Main symptoms of schizophrenia

Schizophrenia is a complex and multifaceted disease with many symptoms. They are divided into two groups – positive and negative. The first testify to the activity of the psyche. This includes delusions and hallucinations. The latter is characterized by declines in mental tone. In this case, there are signs that are included in the symptoms of BAD:

  • Apathy and indifference;
  • Increased anxiety;
  • Outbursts of anger;
  • Motor or speech excitement;
  • Insomnia, nightmares;
  • Sudden mood swings.

The intensity of symptoms is determined by the type and form of schizophrenia. So, a sluggish one can develop for years, practically without manifesting itself, and a paranoid one usually has an acute and rapid development.


Risk factors

BAD can be distinguished from schizophrenia through differential diagnosis and long-term observation of symptoms. If we talk about the risk factors and causes of these psychopathologies, then they are largely similar. The fact is that the etiology of both disorders is unknown.

In most cases, we are talking about a genetic predisposition. First of all, doctors find out if there are people with mental disorders in the patient’s family. The closer the degree of relationship, the higher the risk of the disease.


Main Differences Between Schizophrenia and Bipolar Disorder

In bipolar disorder, psychosis leads to overexcitation of the nervous system. This also happens with schizophrenia. Also, a similar similarity is observed with negative symptoms. However, there are three main differences that allow differentiating diagnoses:

  • In bipolar disorder, mania is accompanied by an extreme manifestation of feelings and emotions. However, in general, a person is adequate, and therefore rarely shows aggression. The schizophrenic is not always aware of his actions, therefore he is a danger to himself and others.
  • With the development of BAD, the patient does not lose contact and does not strive for complete loneliness even during a period of apathy. Withdrawal and alienation are the main symptoms of schizophrenia. They are especially noticeable in patients who are sociable in a healthy state.
  • The main difference is in the consequences. Bipolar disorder does not damage the personality, while schizophrenia leaves its mark on the psyche. In a sense, after an attack, a person will never be the same as he was before. In bipolar disorder, even if the psychosis lasts for a long time, personality traits remain the same.

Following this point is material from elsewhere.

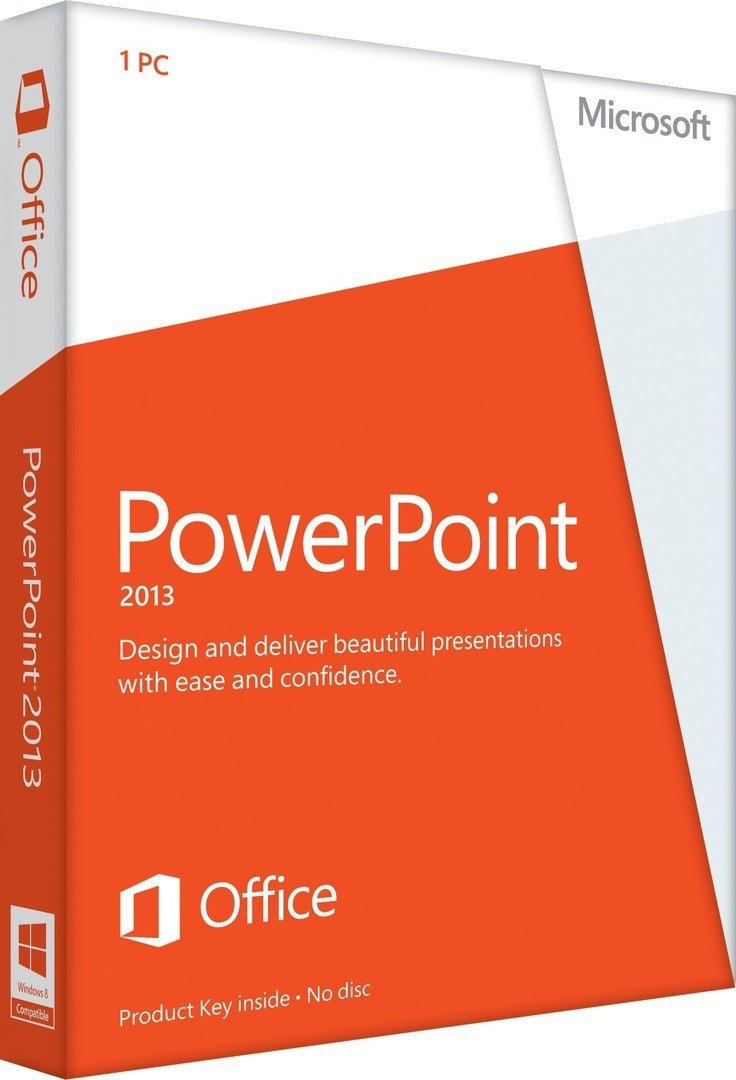 Download Powerpoint 2013 - Tạo Trình Chiếu Phiên Bản 2013 Full Key - Diễn  Đàn Phần Mềm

The similarity between bipolar disorder and schizophrenia is that both disorders are chronic. Treatment and prevention will take a lifetime.



An accurate diagnosis of the patient can be made only after a few weeks or months after contacting the doctors. After that, the doctor will draw up a treatment card.

In bipolar disorder, it includes:

  • Psychotherapeutic sessions;
  • Mood stabilizing drugs;
  • Antidepressants;
  • Sleeping pills.

Schizophrenia is treated much more difficult and longer. Sometimes it is necessary to use insulin coma therapy when the patient is artificially injected into a hypoglycemic coma. Antipsychotics and other antipsychotics are also prescribed. Psychotherapeutic methods include several areas – cognitive, behavioral, etc.

BAD cannot go into schizophrenia. These are two different diseases with different prognoses and outcomes.

BAD treatment can be done on an outpatient basis. Attacks in schizophrenia lead to hospitalization. The periods of remission in bipolar disorder are longer. However, serious consequences are possible in both cases. With complications, patients are assigned a disability. Sometimes they are considered insane. And this applies to patients with both bipolar disorder and schizophrenia.


What is more dangerous?

Many people are interested in which is worse – BAD or schizophrenic psychopathology. The question is not very correct, however, in simple terms, bipolar disorder is not so dangerous. It does not lead to the disintegration of the personality. Schizophrenia can completely destroy it, and as a result of which a person will forever remain in his inner world.